** Opening Data shown block **

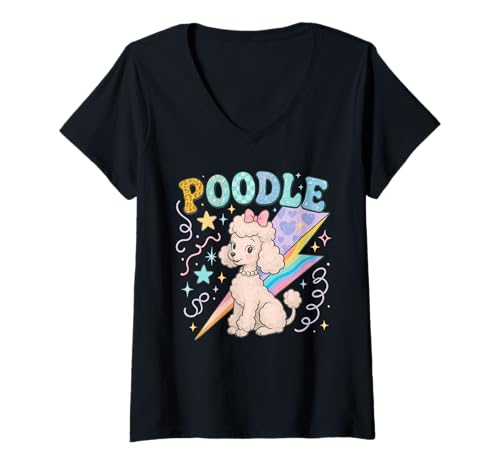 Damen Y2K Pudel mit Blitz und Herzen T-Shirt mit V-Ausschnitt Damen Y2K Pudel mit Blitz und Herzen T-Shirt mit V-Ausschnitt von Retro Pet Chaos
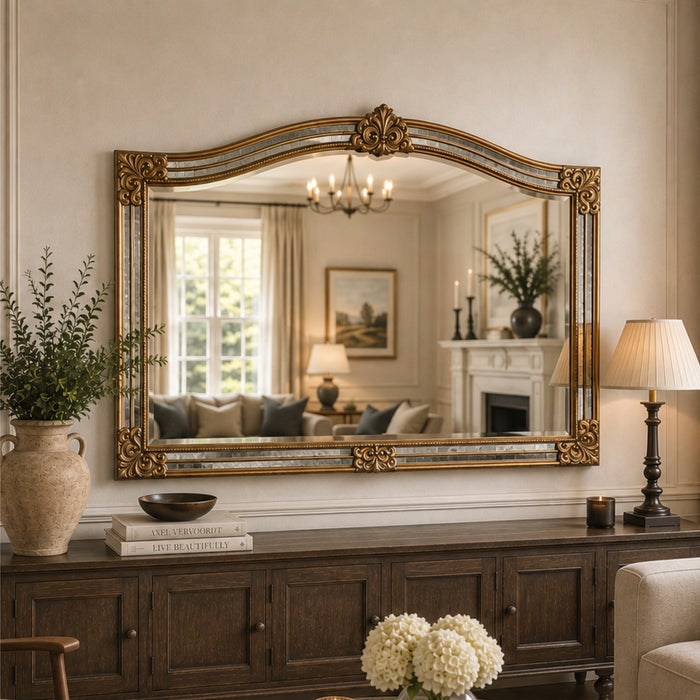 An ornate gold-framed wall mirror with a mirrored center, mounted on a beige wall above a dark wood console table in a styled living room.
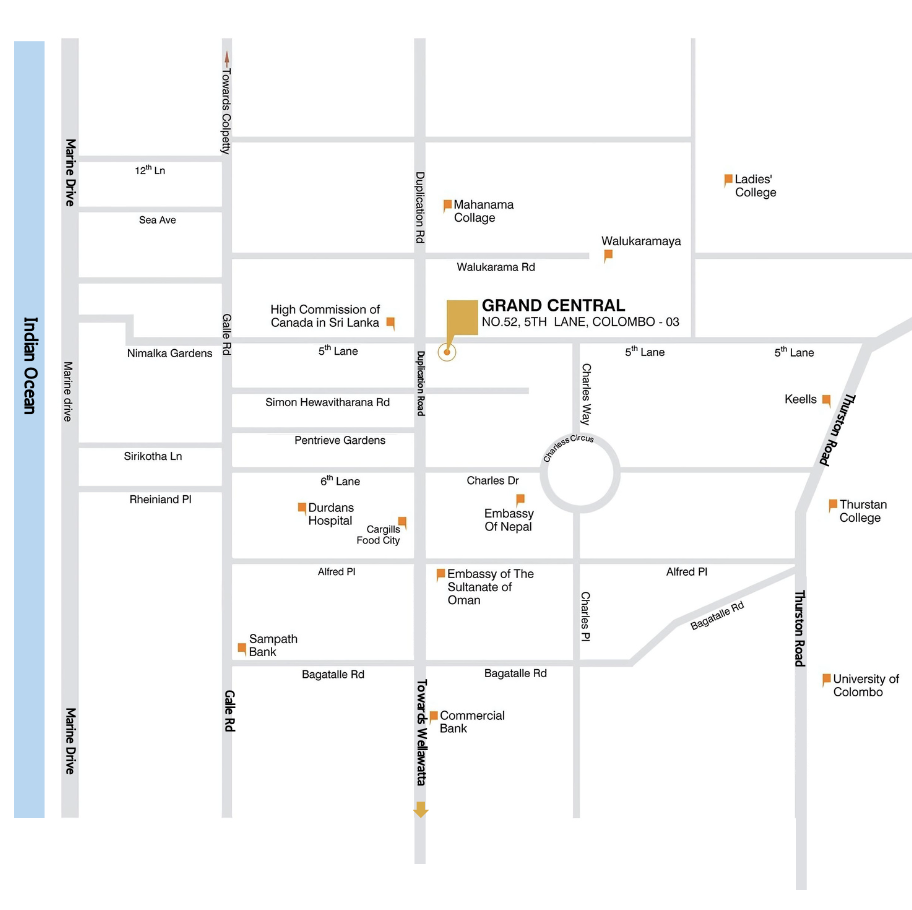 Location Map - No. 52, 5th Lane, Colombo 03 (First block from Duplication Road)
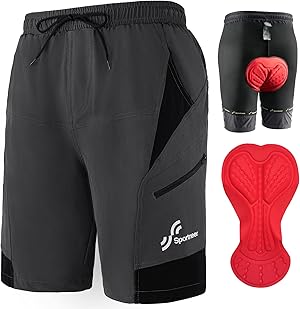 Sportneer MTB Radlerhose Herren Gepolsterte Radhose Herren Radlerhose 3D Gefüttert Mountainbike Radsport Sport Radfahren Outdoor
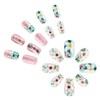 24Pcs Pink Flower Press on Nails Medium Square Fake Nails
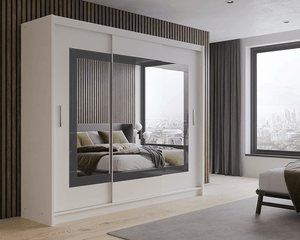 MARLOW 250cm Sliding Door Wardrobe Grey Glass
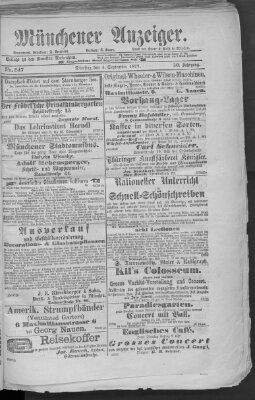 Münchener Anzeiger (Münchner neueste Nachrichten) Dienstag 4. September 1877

** Closing Data shown block **

Work to complete
Every line in the data above needs to be given again exactly, pictures aside.

Exercise response
 Damen Y2K Pudel mit Blitz und Herzen T-Shirt mit V-Ausschnitt Damen Y2K Pudel mit Blitz und Herzen T-Shirt mit V-Ausschnitt von Retro Pet Chaos
 An ornate gold-framed wall mirror with a mirrored center, mounted on a beige wall above a dark wood console table in a styled living room.
 Location Map - No. 52, 5th Lane, Colombo 03 (First block from Duplication Road)
 Sportneer MTB Radlerhose Herren Gepolsterte Radhose Herren Radlerhose 3D Gefüttert Mountainbike Radsport Sport Radfahren Outdoor
 24Pcs Pink Flower Press on Nails Medium Square Fake Nails
 MARLOW 250cm Sliding Door Wardrobe Grey Glass
 Münchener Anzeiger (Münchner neueste Nachrichten) Dienstag 4. September 1877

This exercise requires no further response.